Consider the Lagrangian Grassmannian $\mathcal{L}(V)$ consisting of all Lagrangian subspaces of $V$; this set is known to be a smooth manifold of dimension $n(n+1)/2$. For each $1\leq i \leq k$ and each $0\leq m\leq n$ we have the subset \begin{equation} \Sigma_m(W_i) = \{ L\in\mathcal{L}(V)|\dim(L\cap W_i) = m\}. \end{equation} (Allowing $m$ to vary would give us the Maslov cycle associated to $W_i$.) Our goal is to show that the set \begin{equation} \Sigma_0(W_1)\cap\cdots\cap\Sigma_0(W_k) = \mathcal{L}(V) - \left(\bigcup_{m\geq 1,i}\Sigma_m(W_i)\right) \end{equation} is nonempty, and we can do this by showing that $\Sigma_m(W_i)$ has codimension at least 1 in $\mathcal{L}(V)$ for each $m\geq 1$.

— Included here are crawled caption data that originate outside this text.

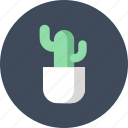 cactus, decoration, flower, growth, nature, office, plant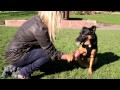 The Dog Rescuers: Episode 6 - Kaz's story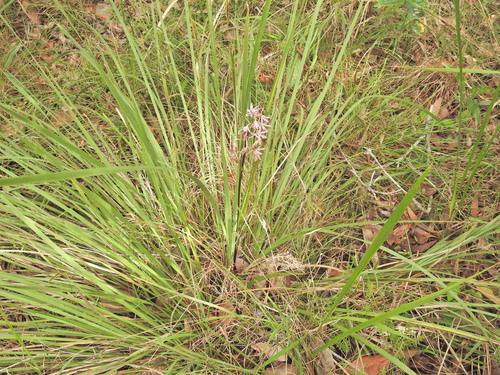 Dipodium variegatum, photograph 5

How do we establish this last claim? For convenience, choose a complex structure $J\colon V\to V$ that is compatible with $\omega$, so that $\langle\cdot,\cdot\rangle:=\omega(\cdot,J\cdot)$ is an inner product. Suppose $L\in\mathcal{L}(V)$ is transverse to the Lagrangian subspace $JW_i$. Then we can choose a linear transformation $T\colon W_i\to W_i$ for which \begin{equation} L = \{w+JTw|w\in W_i\}, \end{equation} so that we can think of $L$ as the graph of $T$. If we fix an orthonormal basis for $W_i$ and let $A$ denote the matrix representation of $T$ with respect to this basis, we can check that such a graph is Lagrangian precisely when $A$ is symmetric. That is, choosing $L\in\mathcal{L}(V)$ transverse to $JW_i$ amounts to choosing a symmetric $n\times n$ matrix, giving us $n(n+1)/2$ degrees of freedom. So $\{L\in\mathcal{L}(V)|L\pitchfork JW_i\}$ is open in $\mathcal{L}(V)$.

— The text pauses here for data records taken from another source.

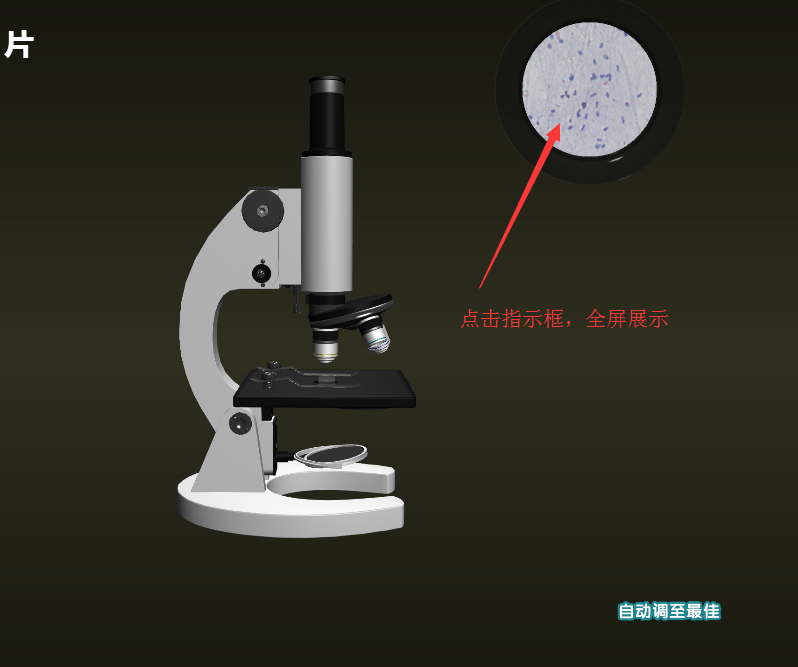 NB生物实验室初中版显微镜实验8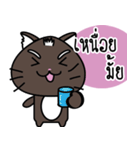 a cat is brown（個別スタンプ：24）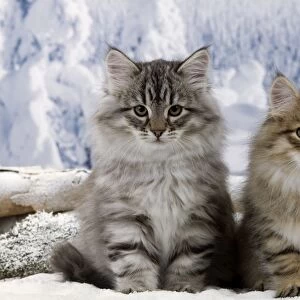 Cat - Siberian Kittens - in snow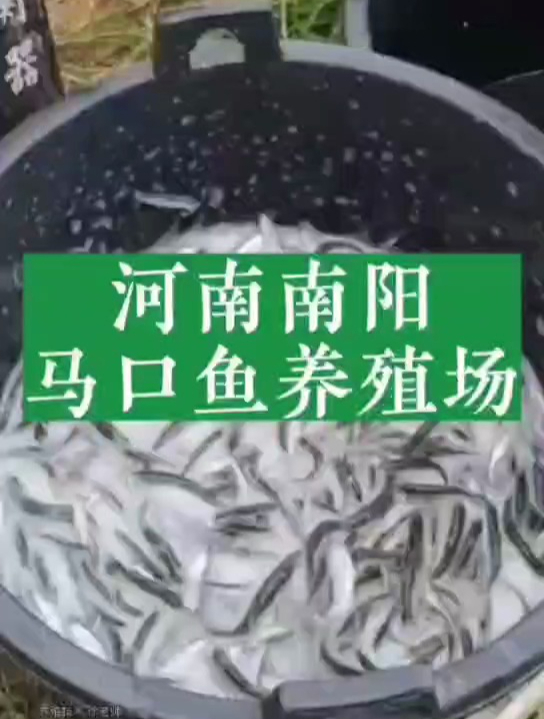 冬天能正常养殖马口鱼吗?冬天南方北方地区都能养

Now suppose we want $L\in\Sigma_m(W_i)$ transverse to $JW_i$. Let's rechoose our basis $v_1,\ldots,v_n$ for $W_i$ so that $L\cap W_i=span(v_1,\ldots,v_m)$. Then $Tv_i=0$ for $1\leq i\leq m$, so the first $m\times m$ block of our matrix $A$ is the zero matrix, and we've lost $m(m+1)/2$ of our degrees of freedom in choosing $A$. (We lose an additional $m(n-m)$ degrees of freedom, since the bottom-left and top-right blocks must be zero, but the choice of $m$-dimensional subspace of $n$ returns this freedom to us.) So $\Sigma_m(W_i)$ is a codimension-$m(m+1)/2$ subset of $\mathcal{L}(V)$.
Finally, we obtain $\Sigma_0(W_1)\cap\cdots\Sigma_0(W_k)$ by removing a finite collection of subspaces from $\mathcal{L}(V)$, each of codimension at least 1. Thus this remaining set of subspaces is nonempty.